**TASK DESCRIPTION**
Look below for the line that has "Paise Del Continente Africano Mapa". Set down the lines from there through the line that has "Vidaxl - vidaXL", exactly as written.

**INFORMATION GIVEN**
+++

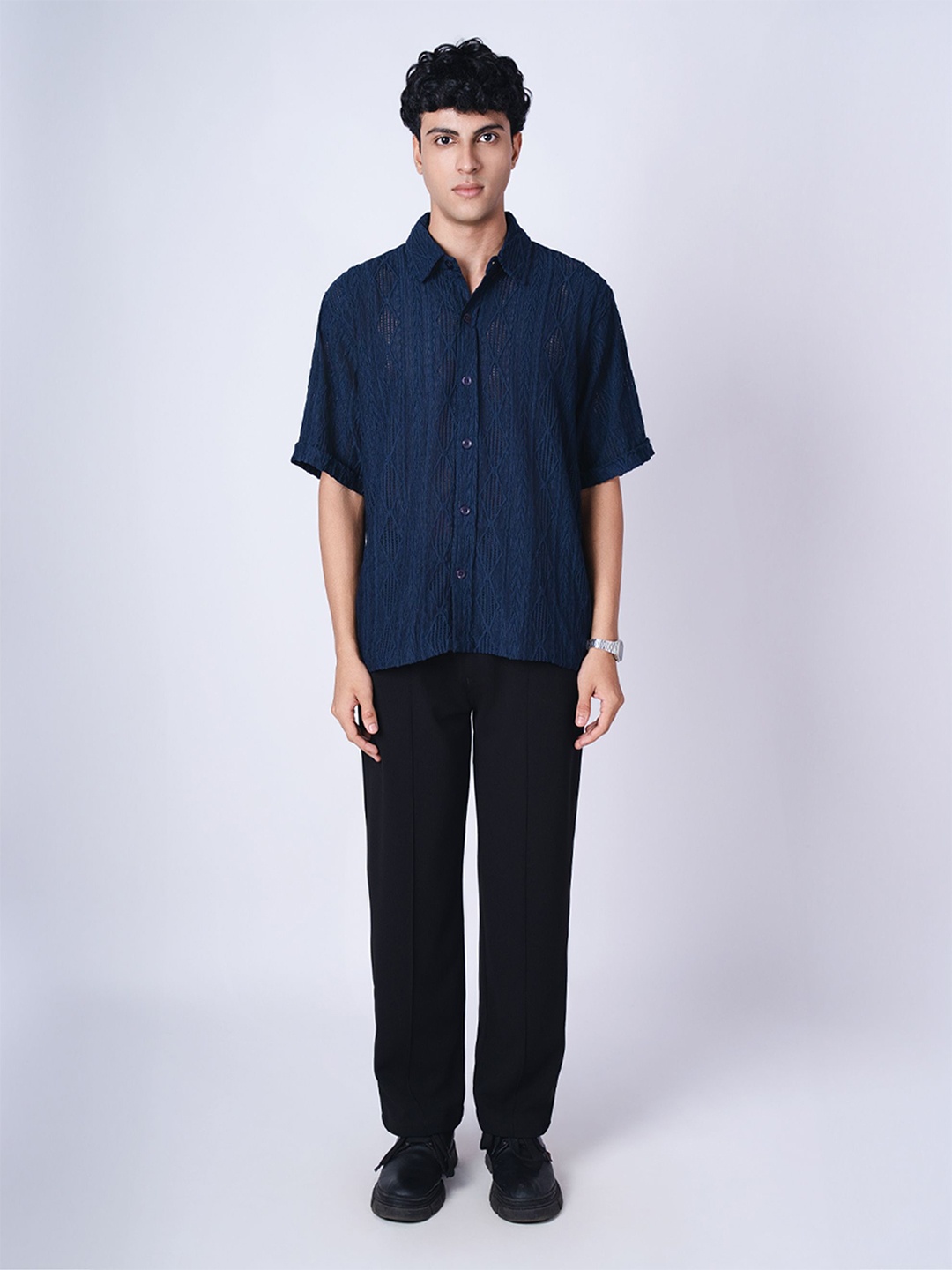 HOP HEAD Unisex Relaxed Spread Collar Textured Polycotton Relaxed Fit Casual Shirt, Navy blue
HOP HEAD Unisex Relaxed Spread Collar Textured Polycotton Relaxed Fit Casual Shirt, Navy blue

+++

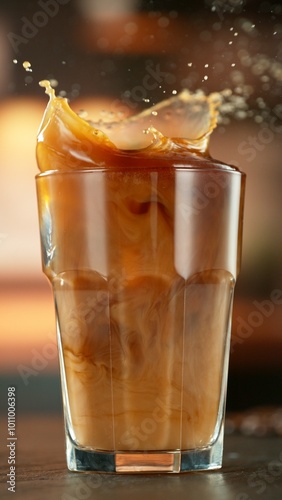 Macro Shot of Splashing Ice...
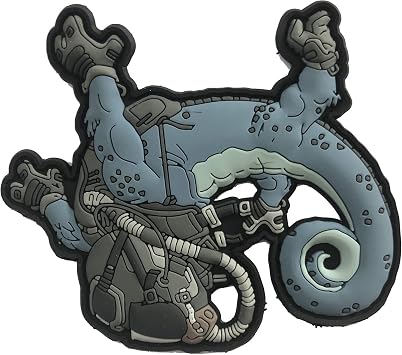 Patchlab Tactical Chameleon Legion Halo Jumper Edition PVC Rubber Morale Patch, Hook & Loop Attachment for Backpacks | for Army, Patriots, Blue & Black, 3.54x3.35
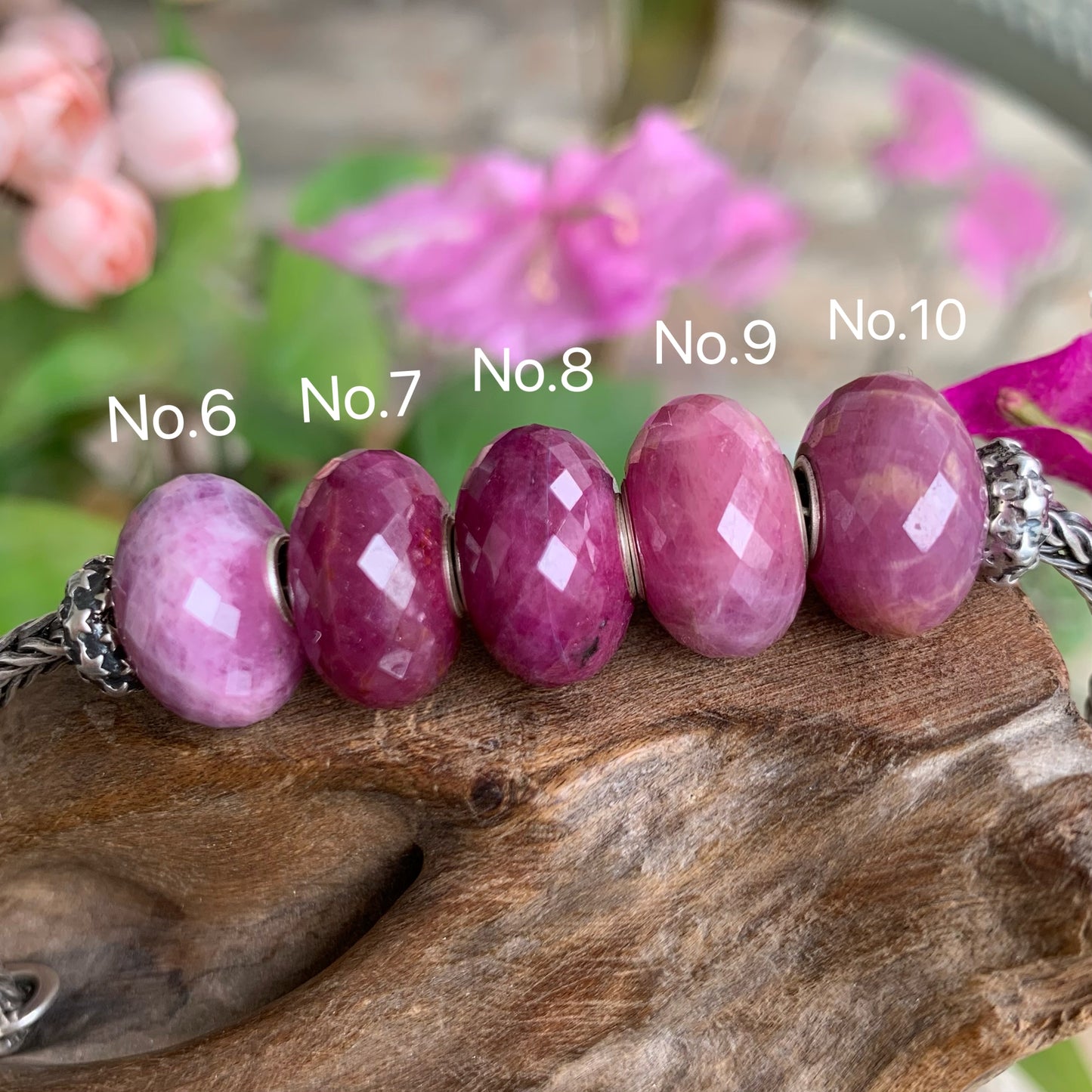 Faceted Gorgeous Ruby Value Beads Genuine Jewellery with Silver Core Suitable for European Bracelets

+++

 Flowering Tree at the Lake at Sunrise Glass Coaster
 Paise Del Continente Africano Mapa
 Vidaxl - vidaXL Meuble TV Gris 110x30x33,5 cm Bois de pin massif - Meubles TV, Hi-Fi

+++

**RESPONSE**
 Paise Del Continente Africano Mapa
 Vidaxl - vidaXL Meuble TV Gris 110x30x33,5 cm Bois de pin massif - Meubles TV, Hi-Fi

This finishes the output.